US automaker General Motors said it was the victim of a credential stuffing hack last month. As a result, information about some customers was disclosed, and hackers were able to exchange other people’s bonus points for gift cards.
According to documents filed by the company with the California Attorney General’s Office, about 5,000 users were affected by these attacks.Let me remind you that we wrote that Audi and Volkswagen customer data put on sale, and also that Bug in Honda cars allows remotely unlock and start a car.
General Motors operates an online platform where Chevrolet, Buick, GMC and Cadillac owners can manage their spending, services and redeem points. Car owners can redeem GM Points for GM vehicles, auto services, accessories, and purchase OnStar services.

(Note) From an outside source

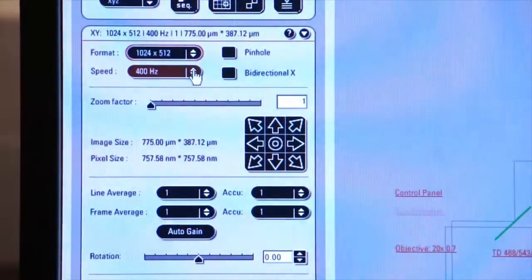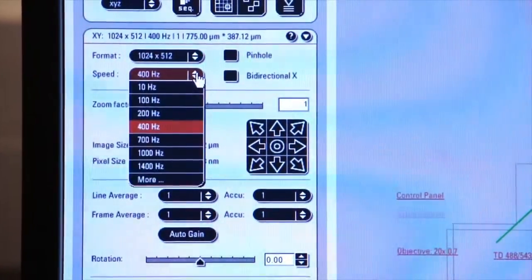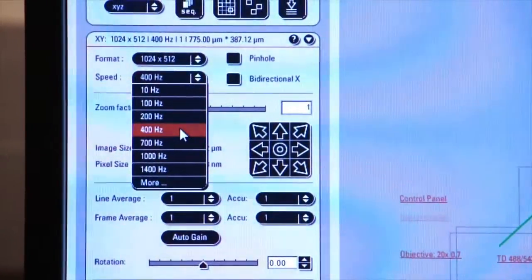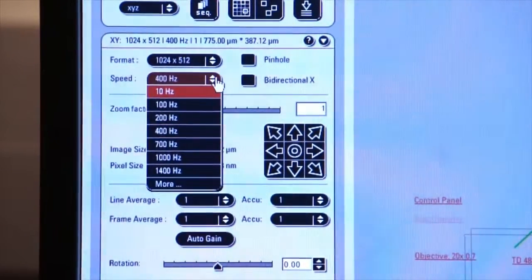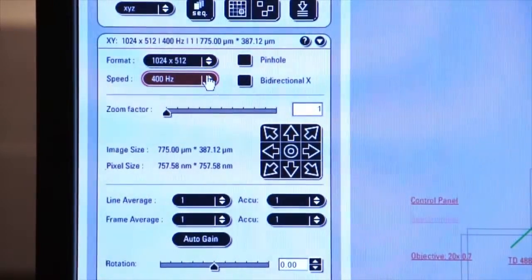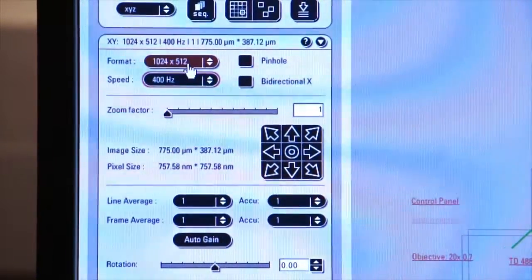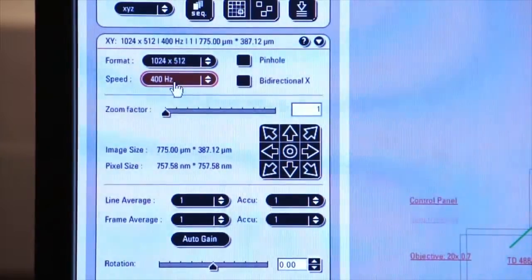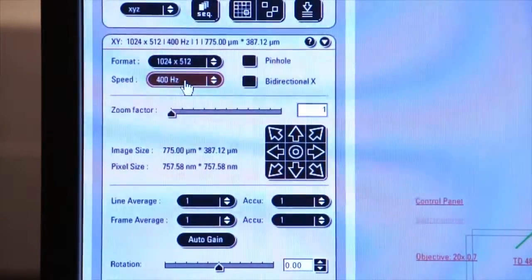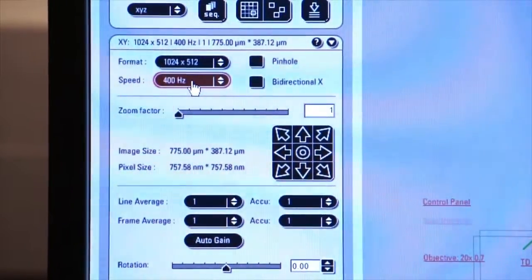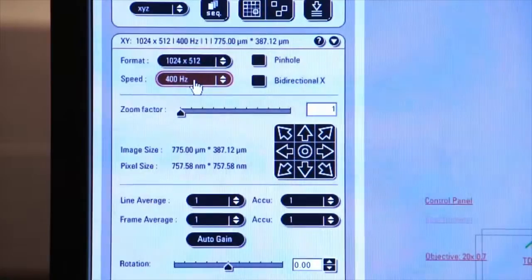The system also defaults to a speed of 400 hertz. For now, we'll leave it at 400 hertz. But as we increase in resolution, you'll see that we might want to increase the speed of the system to capture images faster and minimize photo bleaching.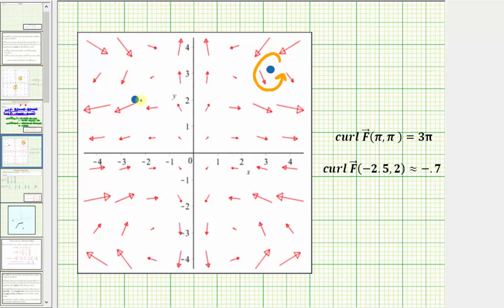At the point (−2.5, 2), the curl is negative, which means to determine the direction of rotation we take our right hand and point our thumb downward, and as we close our right hand, our fingers curl in the direction of rotation, which in this case is clockwise. So when the curl is negative, the direction of rotation is clockwise. I hope you found this helpful.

The company says that credential stuffing attacks were observed between April 11 and April 29, 2022, and in some cases, the hackers succeeded in exchanging customer loyalty points for gift cards.
Let me remind you that the term credential stuffing usually refers to situations where usernames and passwords are stolen from some sites and then used on others. That is, attackers have a ready-made credential database (acquired on the dark web, collected on their own, and so on) and try to use this data to log in to any sites and services under the guise of their victims.
When the hackers successfully hacked into GM accounts, they were able to gain access to certain car owner information stored on the site, including:
- name and surname;
- email address;
- postal address;
- username and phone number for registered family members associated with the account;
- last known and saved location information;
- information about the OnStar subscription package (if active);
- avatars and photos of family members (if uploaded);
- profile picture;
- information about search and destinations.
Also, hackers could find out the car’s mileage history, service history, emergency contact information, Wi-Fi hotspot settings (including passwords), and much more. The company emphasizes that the accounts, fortunately, do not contain the date of birth, social security number, driver’s license number, bank card or account information.
General Motors says it will make sure to refund all lost loyalty points to customers. Users are now strongly encouraged to reset their passwords and request credit reports from their banks.